WHAT IS BEING ASKED: Pictures aside, can you reproduce the records word for word?

(SOURCE INFORMATION begins)

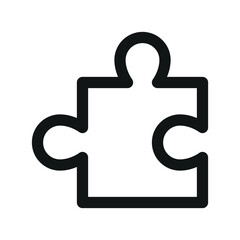 Puzzle piece UI icon, puzzle part simple line user interface vector symbol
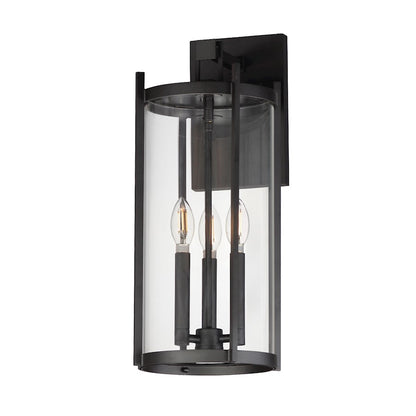 Maxim Lighting Belfry 3 Light Wall Sconce, Black/Clear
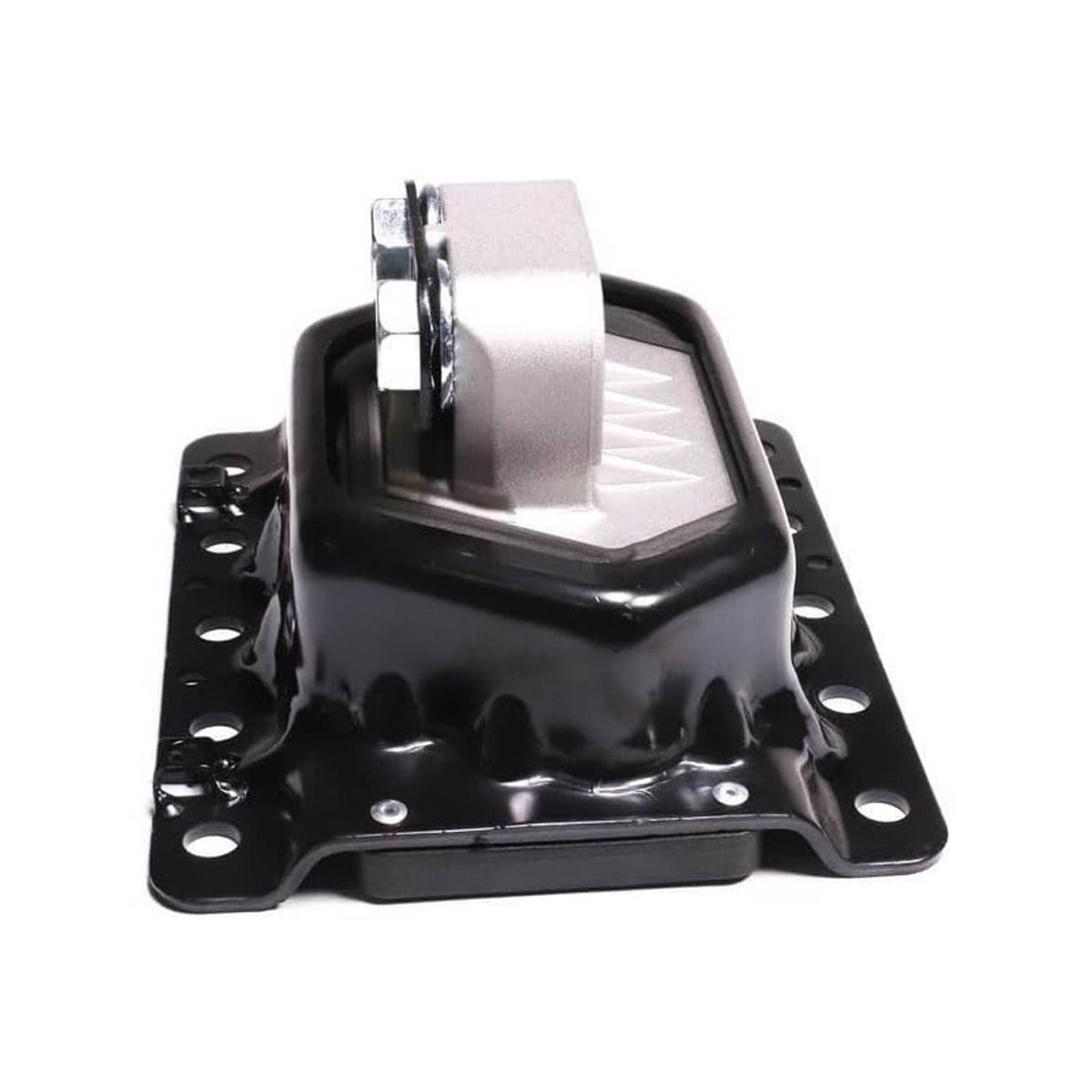 Black engine mount base with upright silver bushing and mounting holes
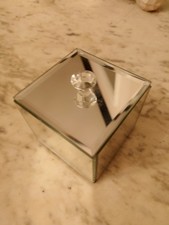 Square, Mirrored/Venetian glass Jewellery/trinket Box by M&S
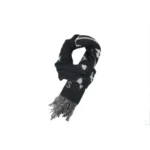 LV Double-Faced Jacquard Velvet Fringe Scarf Black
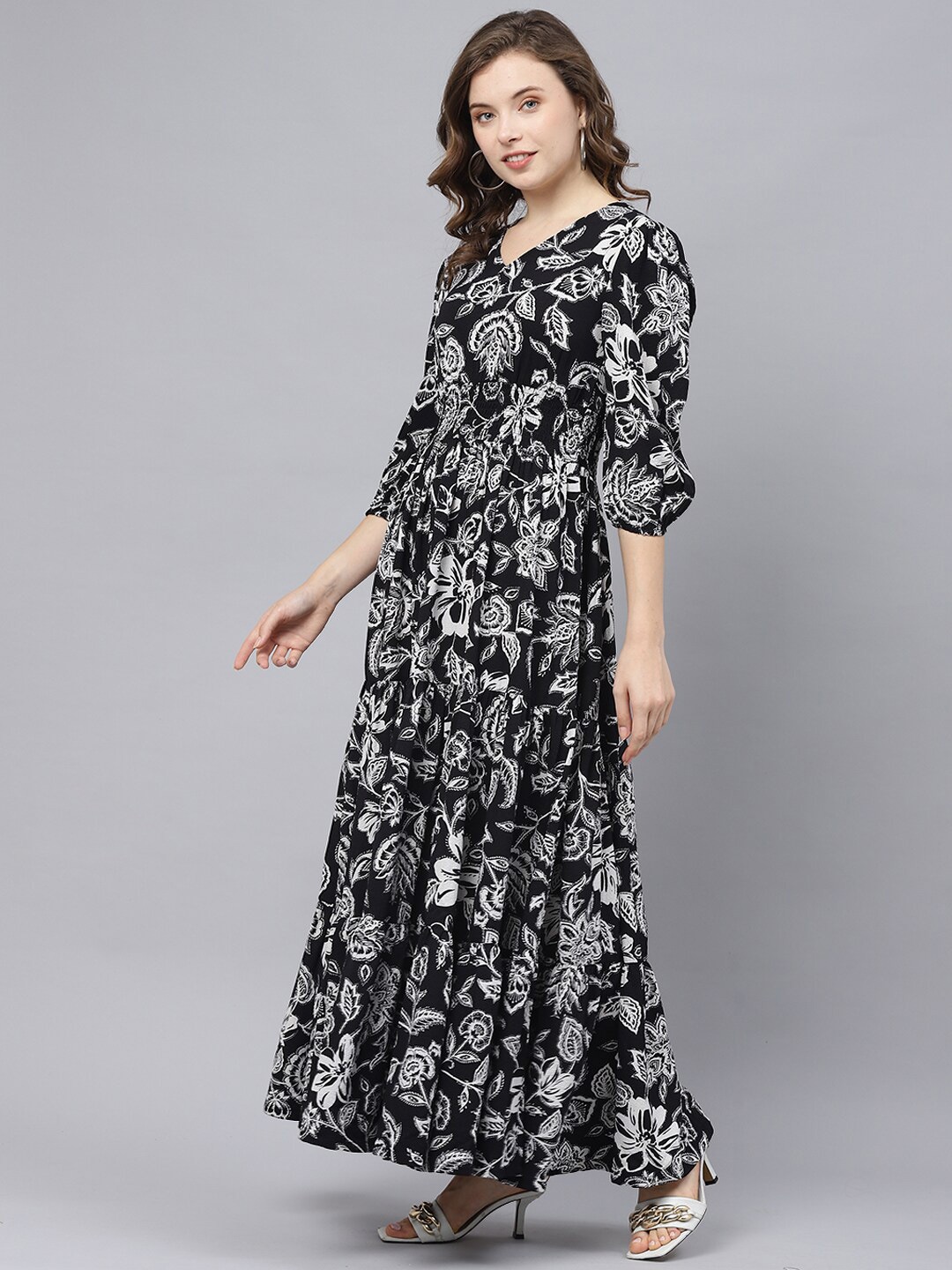 

DEEBACO Floral Printed V-Neck Maxi Dress, Black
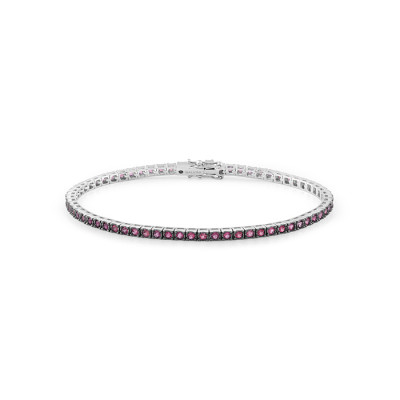 Bracciale Tennis in oro bianco, diamanti rubini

(SOURCE INFORMATION ends)

ANSWER TO THE EXERCISE:
 Puzzle piece UI icon, puzzle part simple line user interface vector symbol
 Maxim Lighting Belfry 3 Light Wall Sconce, Black/Clear
 Black engine mount base with upright silver bushing and mounting holes
 Square, Mirrored/Venetian glass Jewellery/trinket Box by M&S
 LV Double-Faced Jacquard Velvet Fringe Scarf Black

DEEBACO Floral Printed V-Neck Maxi Dress, Black
 Bracciale Tennis in oro bianco, diamanti rubini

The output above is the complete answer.